Five Ways to Educate Young People on Online Safety
It is no secret that cybercrime is on the rise and that general awareness needs to be raised as to how to avoid being the victim of the many innovative types of online criminality. Young people, in particular, need to be educated in relation to the dangers, as they are particularly vulnerable. Below are 5 of the best ways to educate young people with regard to online safety. It is the duty of educators to inform students of the dangers of online activity given how ubiquitous digital technology is becoming.
#1 – The Mind of a Cyber Criminal
The best way to educate young people on cybercrime is to take them through some real-life events and scenarios. Social engineering is the primary method of criminally acquiring data. Young people should review multiple instances of Ponzi Schemes and financial scams to see how these take place and observe how cybercriminals think.
While the crimes have gone online, the methods of techniques are still largely the same, and there are similarities across industries.
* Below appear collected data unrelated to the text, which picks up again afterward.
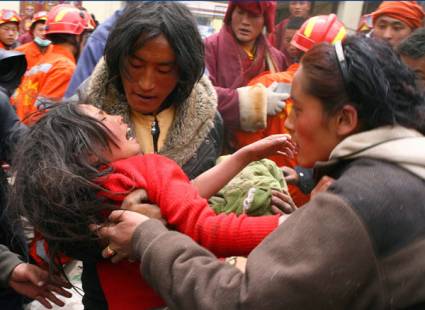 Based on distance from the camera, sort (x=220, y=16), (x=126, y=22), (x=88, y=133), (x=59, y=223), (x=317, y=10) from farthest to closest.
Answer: (x=317, y=10) → (x=220, y=16) → (x=126, y=22) → (x=88, y=133) → (x=59, y=223)

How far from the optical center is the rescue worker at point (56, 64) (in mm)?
4086

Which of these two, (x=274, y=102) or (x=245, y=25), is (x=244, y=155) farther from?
(x=245, y=25)

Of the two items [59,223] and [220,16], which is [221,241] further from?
[220,16]

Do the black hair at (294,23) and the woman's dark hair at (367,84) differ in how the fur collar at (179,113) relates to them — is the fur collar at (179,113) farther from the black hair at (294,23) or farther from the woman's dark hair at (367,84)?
the black hair at (294,23)

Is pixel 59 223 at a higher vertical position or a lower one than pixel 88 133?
lower

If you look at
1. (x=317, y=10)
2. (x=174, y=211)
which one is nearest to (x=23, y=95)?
(x=174, y=211)

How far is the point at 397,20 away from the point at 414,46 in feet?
5.27

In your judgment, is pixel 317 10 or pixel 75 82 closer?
pixel 75 82

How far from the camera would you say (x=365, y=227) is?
1.03m

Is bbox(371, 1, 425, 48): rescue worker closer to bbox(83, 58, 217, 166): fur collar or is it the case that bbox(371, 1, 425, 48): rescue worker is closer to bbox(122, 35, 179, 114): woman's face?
bbox(83, 58, 217, 166): fur collar

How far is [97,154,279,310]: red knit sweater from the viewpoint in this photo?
4.52ft

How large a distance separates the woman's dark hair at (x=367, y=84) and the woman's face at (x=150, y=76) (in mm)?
761

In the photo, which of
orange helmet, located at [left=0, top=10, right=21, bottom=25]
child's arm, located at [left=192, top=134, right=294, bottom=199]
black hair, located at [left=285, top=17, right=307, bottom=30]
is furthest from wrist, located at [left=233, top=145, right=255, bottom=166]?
orange helmet, located at [left=0, top=10, right=21, bottom=25]

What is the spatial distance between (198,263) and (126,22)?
110 centimetres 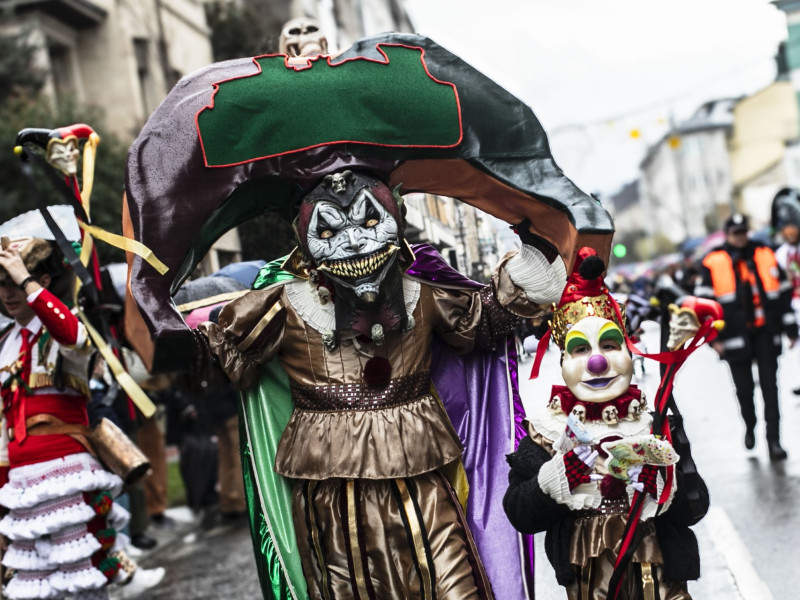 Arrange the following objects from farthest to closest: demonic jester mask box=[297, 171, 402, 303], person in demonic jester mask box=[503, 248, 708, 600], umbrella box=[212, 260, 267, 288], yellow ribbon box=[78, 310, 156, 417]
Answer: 1. umbrella box=[212, 260, 267, 288]
2. yellow ribbon box=[78, 310, 156, 417]
3. demonic jester mask box=[297, 171, 402, 303]
4. person in demonic jester mask box=[503, 248, 708, 600]

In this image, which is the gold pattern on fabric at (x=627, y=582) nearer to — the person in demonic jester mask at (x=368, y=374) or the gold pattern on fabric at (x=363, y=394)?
the person in demonic jester mask at (x=368, y=374)

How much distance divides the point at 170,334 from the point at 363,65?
1236mm

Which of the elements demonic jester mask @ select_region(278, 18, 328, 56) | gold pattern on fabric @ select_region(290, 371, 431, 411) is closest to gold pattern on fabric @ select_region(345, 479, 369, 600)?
gold pattern on fabric @ select_region(290, 371, 431, 411)

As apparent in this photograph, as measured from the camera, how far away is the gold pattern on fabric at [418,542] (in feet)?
→ 14.3

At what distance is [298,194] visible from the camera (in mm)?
4621

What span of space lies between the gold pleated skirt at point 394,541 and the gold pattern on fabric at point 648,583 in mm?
660

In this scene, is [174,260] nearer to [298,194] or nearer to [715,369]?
[298,194]

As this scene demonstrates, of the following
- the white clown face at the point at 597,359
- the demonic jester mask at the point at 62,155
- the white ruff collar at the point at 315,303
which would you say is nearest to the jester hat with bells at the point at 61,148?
the demonic jester mask at the point at 62,155

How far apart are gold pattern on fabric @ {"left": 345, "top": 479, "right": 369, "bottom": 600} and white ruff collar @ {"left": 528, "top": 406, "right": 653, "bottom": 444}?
2.63ft

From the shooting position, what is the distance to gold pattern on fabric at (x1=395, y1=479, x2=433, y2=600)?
14.3ft

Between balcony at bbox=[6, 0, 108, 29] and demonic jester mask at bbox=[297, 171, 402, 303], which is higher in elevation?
balcony at bbox=[6, 0, 108, 29]

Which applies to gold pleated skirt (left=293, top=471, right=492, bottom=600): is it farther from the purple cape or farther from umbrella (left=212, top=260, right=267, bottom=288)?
umbrella (left=212, top=260, right=267, bottom=288)

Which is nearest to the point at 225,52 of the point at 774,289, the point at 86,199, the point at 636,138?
the point at 636,138

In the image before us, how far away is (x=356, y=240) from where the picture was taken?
4266 millimetres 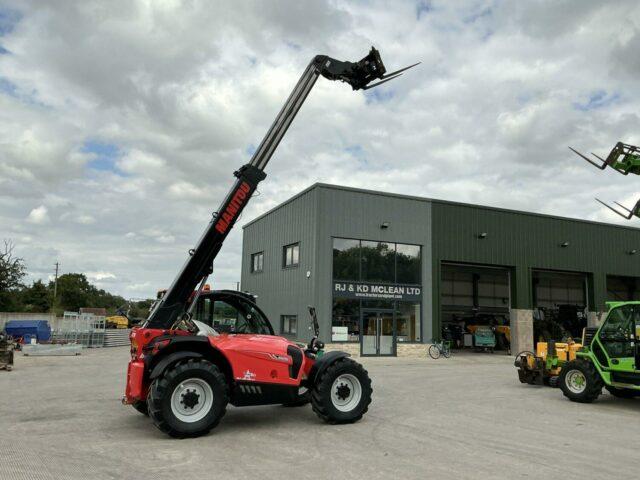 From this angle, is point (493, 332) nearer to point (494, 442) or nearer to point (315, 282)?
→ point (315, 282)

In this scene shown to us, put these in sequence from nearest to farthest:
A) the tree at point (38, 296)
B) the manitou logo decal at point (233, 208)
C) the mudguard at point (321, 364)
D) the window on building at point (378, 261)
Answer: the mudguard at point (321, 364) → the manitou logo decal at point (233, 208) → the window on building at point (378, 261) → the tree at point (38, 296)

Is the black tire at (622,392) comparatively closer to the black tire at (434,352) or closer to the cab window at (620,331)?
the cab window at (620,331)

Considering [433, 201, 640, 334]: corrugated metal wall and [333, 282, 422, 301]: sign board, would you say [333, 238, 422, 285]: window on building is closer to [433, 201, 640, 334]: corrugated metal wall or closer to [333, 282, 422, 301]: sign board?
[333, 282, 422, 301]: sign board

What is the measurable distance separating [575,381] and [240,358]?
772cm

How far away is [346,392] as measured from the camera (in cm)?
865

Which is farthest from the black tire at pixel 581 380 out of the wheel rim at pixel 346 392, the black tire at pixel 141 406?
the black tire at pixel 141 406

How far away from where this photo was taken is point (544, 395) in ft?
40.5

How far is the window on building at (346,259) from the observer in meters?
24.0

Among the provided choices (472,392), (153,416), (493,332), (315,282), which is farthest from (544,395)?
(493,332)

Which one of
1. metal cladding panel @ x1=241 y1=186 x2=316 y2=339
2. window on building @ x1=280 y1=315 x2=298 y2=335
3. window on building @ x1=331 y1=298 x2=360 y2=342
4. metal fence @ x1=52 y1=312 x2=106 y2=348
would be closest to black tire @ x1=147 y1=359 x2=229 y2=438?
metal cladding panel @ x1=241 y1=186 x2=316 y2=339

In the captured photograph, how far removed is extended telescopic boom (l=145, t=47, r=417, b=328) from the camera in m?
8.36

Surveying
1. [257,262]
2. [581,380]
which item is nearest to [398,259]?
[257,262]

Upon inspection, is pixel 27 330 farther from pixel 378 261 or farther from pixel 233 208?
pixel 233 208

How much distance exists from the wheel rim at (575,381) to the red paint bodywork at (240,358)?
6.60 metres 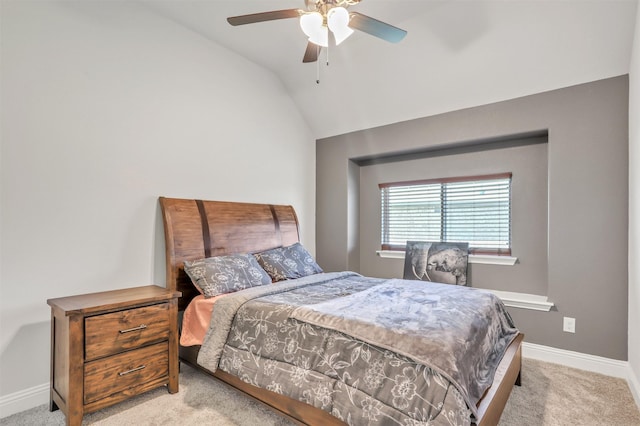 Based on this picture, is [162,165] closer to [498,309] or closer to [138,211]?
[138,211]

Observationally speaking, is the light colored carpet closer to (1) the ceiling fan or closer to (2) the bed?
(2) the bed

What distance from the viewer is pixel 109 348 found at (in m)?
2.06

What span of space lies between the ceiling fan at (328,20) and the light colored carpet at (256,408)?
245 centimetres

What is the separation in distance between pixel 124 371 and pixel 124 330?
0.88 feet

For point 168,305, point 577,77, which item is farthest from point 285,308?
point 577,77

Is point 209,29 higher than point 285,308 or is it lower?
higher

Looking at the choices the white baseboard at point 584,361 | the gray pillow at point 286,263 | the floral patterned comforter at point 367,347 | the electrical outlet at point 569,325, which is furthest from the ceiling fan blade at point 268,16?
the white baseboard at point 584,361

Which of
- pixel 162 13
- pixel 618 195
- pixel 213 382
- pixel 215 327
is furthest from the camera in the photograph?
pixel 162 13

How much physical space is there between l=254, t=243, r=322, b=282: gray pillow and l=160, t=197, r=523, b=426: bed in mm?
255

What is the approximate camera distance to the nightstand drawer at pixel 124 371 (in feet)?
6.54

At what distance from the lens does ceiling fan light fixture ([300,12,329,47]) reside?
1990 millimetres

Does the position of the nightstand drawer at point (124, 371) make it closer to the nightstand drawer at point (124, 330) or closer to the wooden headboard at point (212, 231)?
the nightstand drawer at point (124, 330)

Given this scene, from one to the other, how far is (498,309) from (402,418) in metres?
1.40

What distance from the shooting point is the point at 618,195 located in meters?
2.71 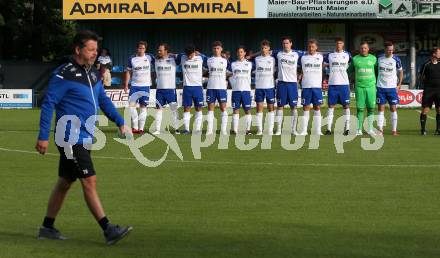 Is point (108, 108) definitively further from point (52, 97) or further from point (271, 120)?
point (271, 120)

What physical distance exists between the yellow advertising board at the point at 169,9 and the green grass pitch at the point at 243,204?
76.3 feet

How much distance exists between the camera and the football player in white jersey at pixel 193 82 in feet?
83.9

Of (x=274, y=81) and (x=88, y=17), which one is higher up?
(x=88, y=17)

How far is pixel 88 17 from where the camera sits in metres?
43.9

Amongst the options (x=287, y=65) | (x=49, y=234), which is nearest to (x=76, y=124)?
(x=49, y=234)

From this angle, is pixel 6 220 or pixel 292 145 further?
pixel 292 145

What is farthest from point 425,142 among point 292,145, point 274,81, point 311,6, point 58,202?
point 311,6

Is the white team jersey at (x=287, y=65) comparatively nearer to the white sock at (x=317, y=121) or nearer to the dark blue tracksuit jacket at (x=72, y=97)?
the white sock at (x=317, y=121)

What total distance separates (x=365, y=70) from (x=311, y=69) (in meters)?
1.24

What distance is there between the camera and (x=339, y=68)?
83.0ft

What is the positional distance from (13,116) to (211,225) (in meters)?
24.0

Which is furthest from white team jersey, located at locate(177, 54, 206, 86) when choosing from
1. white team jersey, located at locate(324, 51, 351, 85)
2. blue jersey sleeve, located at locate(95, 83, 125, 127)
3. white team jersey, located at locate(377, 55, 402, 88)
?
blue jersey sleeve, located at locate(95, 83, 125, 127)

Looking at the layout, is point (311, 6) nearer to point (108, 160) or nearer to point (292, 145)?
point (292, 145)

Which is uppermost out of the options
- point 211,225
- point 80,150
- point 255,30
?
point 255,30
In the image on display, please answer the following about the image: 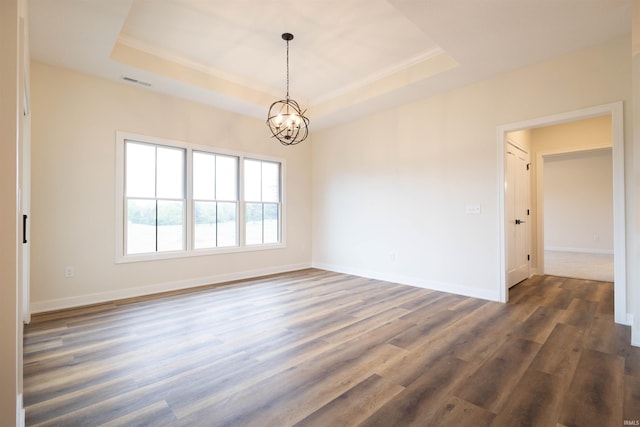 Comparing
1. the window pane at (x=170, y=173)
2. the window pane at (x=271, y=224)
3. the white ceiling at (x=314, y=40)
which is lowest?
the window pane at (x=271, y=224)

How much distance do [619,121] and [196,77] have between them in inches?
198

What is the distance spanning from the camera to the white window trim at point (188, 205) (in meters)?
4.04

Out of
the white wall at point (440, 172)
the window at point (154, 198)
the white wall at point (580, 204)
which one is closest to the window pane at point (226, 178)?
the window at point (154, 198)

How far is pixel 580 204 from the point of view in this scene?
869 centimetres

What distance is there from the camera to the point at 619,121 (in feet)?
10.0

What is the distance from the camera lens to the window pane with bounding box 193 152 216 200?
4.86 metres

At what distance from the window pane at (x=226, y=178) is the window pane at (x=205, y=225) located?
0.85 ft

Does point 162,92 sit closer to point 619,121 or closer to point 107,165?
point 107,165

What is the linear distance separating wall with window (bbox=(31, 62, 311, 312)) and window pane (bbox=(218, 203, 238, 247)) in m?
0.02

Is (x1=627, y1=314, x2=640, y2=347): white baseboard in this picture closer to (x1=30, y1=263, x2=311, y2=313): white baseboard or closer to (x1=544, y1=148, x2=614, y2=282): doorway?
(x1=30, y1=263, x2=311, y2=313): white baseboard

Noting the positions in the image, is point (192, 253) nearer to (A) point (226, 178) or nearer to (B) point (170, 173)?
(B) point (170, 173)

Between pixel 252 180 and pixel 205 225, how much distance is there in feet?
3.99

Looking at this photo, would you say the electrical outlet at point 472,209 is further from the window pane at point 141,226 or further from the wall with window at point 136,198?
the window pane at point 141,226

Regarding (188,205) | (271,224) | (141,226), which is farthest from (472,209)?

Young people are often naive, and should, therefore, be exposed to these scenarios in theoretical practice in order to avoid a real-life event.
#2 – Best Online Practices
If teaching a group of young people, it is best to get them to deploy the best security practices in real-time on their devices. The best practices in terms of online security include a password manager, two-factor authentication (2FA), and a high-quality antivirus protection program. These three solutions are the best applications for device protection.
People who deploy these three techniques are incredibly well protected, though all devices are prone to basic errors such as leaving a device unlocked or writing a password down on a sheet of paper. Basic user error is still the major point of failure despite multiple awareness campaigns. For best results get the students the download the applications during the class or seminar, as practice is far superior to theory.
#3 – Scare Them
Most young people are unaware of the nature and extent of cybercrime. But the online world is just not safe. Cameras and microphones on various devices are quite easy to hack, FaceBook and other online media platforms readily sell data, everybody’s credit card and social security numbers have already been compromised due to multiple attacks on centralized agencies, and Wikileaks has demonstrated many more outrageous scandals.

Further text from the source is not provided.